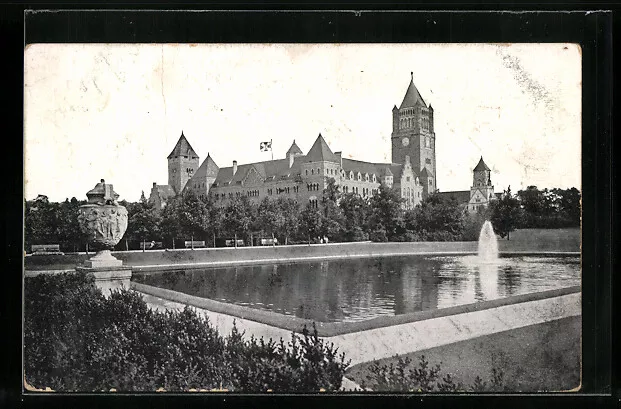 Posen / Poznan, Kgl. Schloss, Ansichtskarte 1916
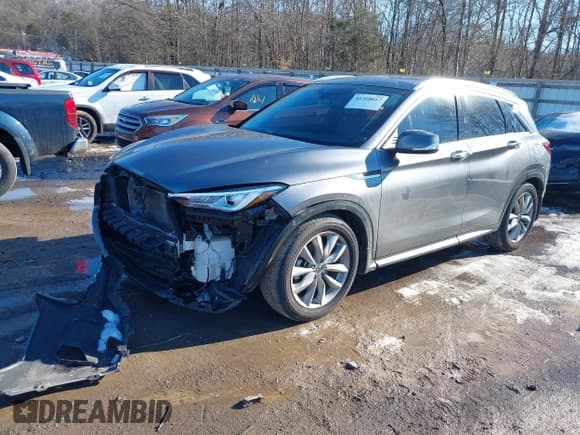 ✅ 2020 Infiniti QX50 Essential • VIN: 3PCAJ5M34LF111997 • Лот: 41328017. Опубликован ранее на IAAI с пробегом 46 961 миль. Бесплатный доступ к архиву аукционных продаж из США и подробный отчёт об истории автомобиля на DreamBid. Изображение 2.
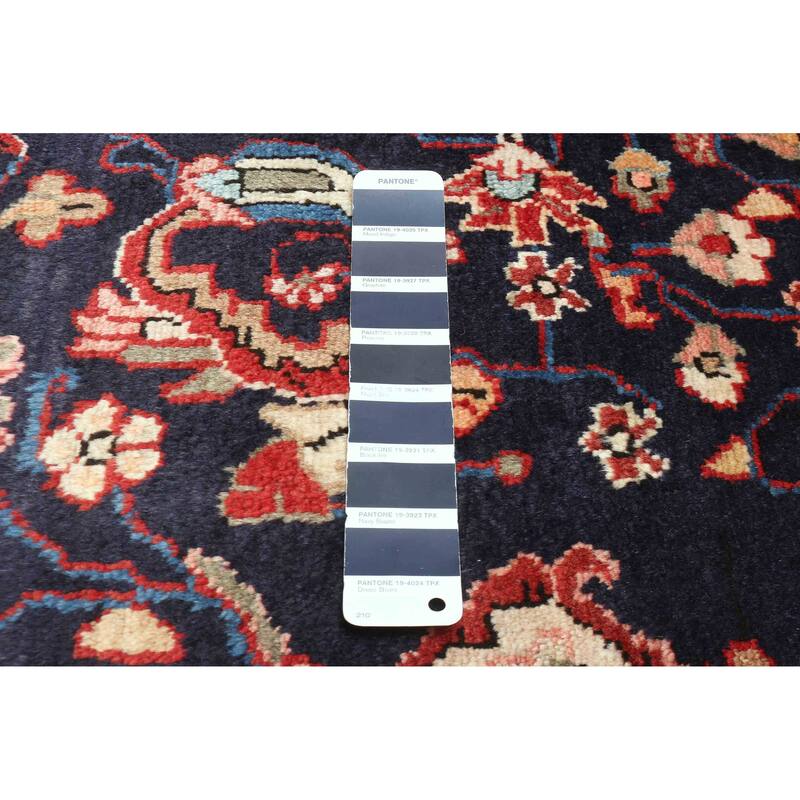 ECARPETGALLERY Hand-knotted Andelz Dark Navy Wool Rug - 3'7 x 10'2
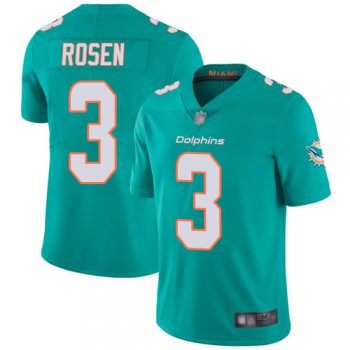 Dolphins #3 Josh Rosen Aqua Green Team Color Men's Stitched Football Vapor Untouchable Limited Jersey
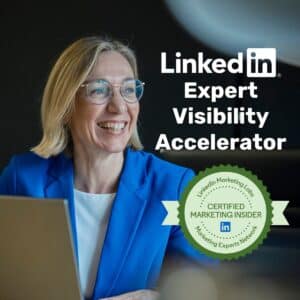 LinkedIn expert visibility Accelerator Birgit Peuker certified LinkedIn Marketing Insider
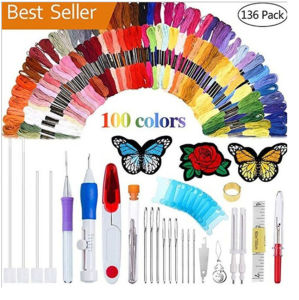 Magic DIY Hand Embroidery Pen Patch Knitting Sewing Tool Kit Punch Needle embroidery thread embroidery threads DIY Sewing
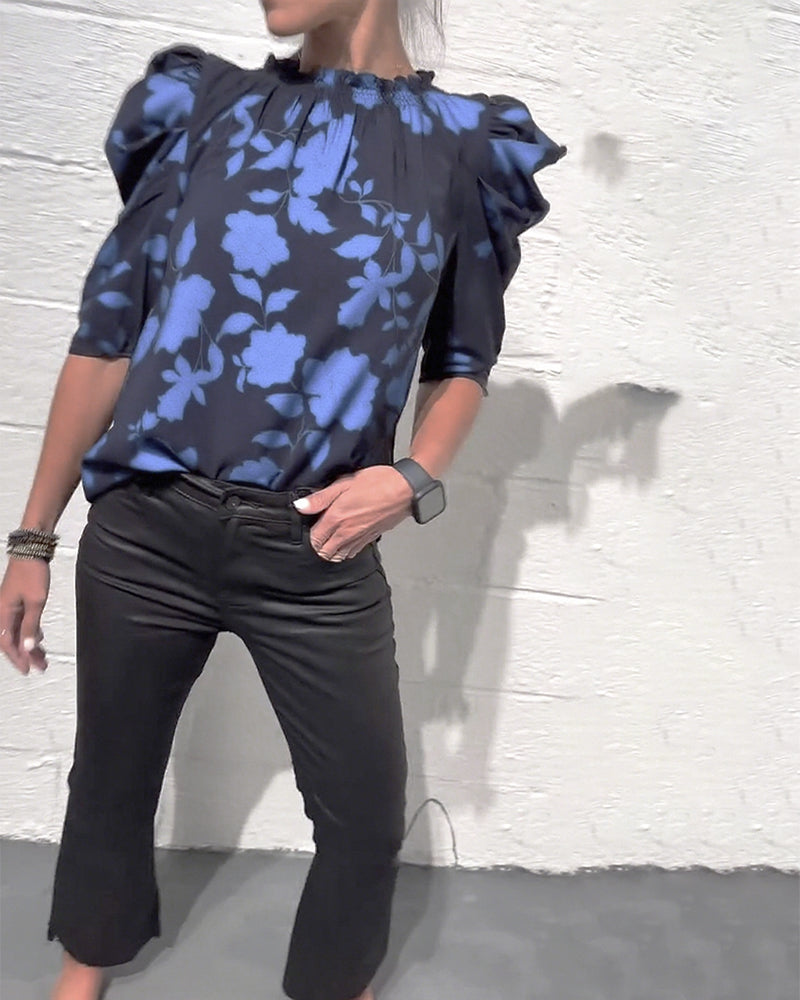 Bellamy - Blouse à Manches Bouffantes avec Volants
· · · ·
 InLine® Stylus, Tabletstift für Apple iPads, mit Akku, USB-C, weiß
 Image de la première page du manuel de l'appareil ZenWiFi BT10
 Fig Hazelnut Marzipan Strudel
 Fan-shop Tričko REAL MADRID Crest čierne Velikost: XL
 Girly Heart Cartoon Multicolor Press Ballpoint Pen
· · · ·
• [Task item] Using the entries above, extract exactly the lines from the one that contains "Posen / Poznan, Kgl." through the one that contains "DreamBid. Изображение 2.". Do not carry over any pictures.

• [Reply to the exercise]
 Posen / Poznan, Kgl. Schloss, Ansichtskarte 1916
 ✅ 2020 Infiniti QX50 Essential • VIN: 3PCAJ5M34LF111997 • Лот: 41328017. Опубликован ранее на IAAI с пробегом 46 961 миль. Бесплатный доступ к архиву аукционных продаж из США и подробный отчёт об истории автомобиля на DreamBid. Изображение 2.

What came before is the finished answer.